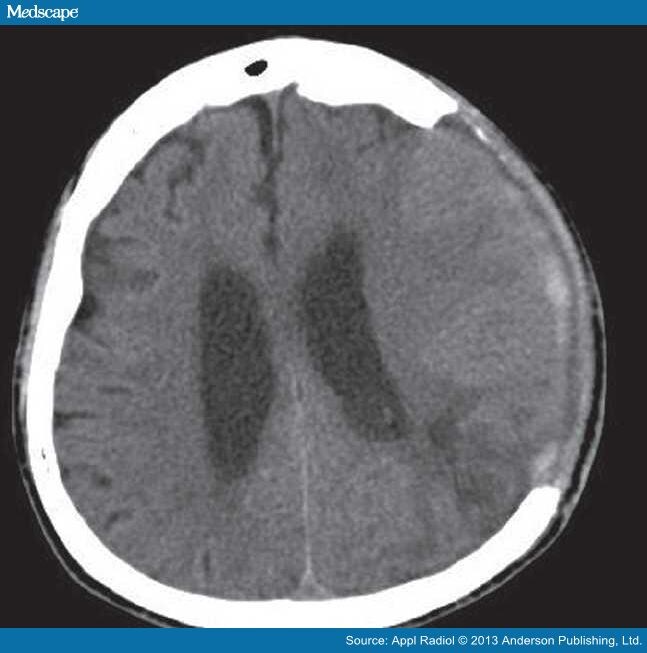 Acute Paradoxical Brain Herniation After Decompressiv Vrogue Co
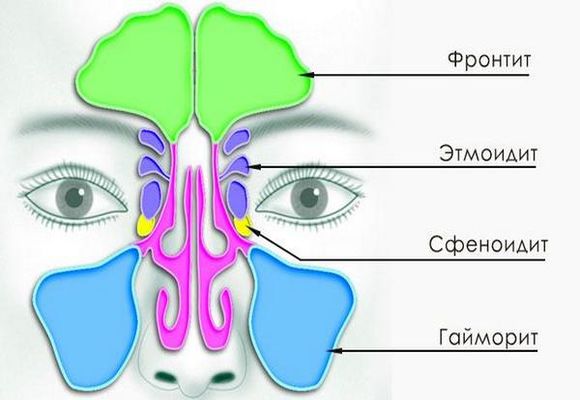Гострий фронтит що таке, симптоми і лікування у дорослих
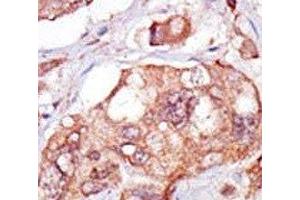 IHC analysis of FFPE human breast carcinoma tissue stained with the TNK1 antibody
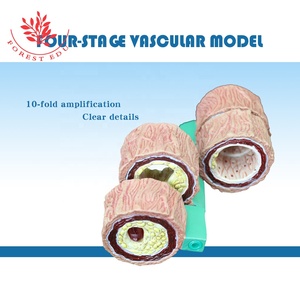<span class=keywords><strong>Arteriosclerosis</strong></span> <span class=keywords><strong>enfermedad</strong></span> cardiovascular 4 unidades patología humana arteria modelo - Product Image 4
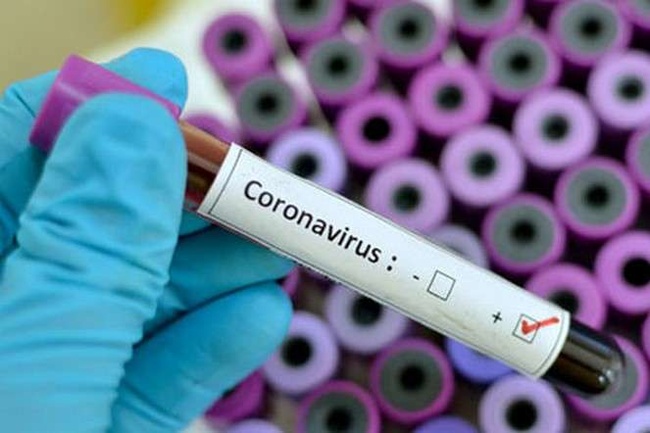 У Сараті зафіксували перший випадок зараження COVID-19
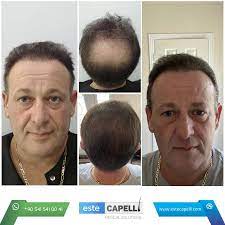 A cosa è dovuto questo fenomeno e quali sono i rischi quando si esce dall'europa? Perche Il Trapianto Capelli In Turchia Estecapelli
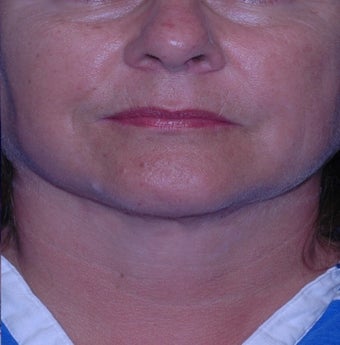 Double chin gone with liposuction alone after 3330613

=-=-=-=-=

Instructions for the task :: Up in the listing, locate the line with "Гострий фронтит що"; print it and every line after it down to the line with "IHC analysis of", which is included too. Skip the pictures.

Exercise output ::
Гострий фронтит що таке, симптоми і лікування у дорослих
 IHC analysis of FFPE human breast carcinoma tissue stained with the TNK1 antibody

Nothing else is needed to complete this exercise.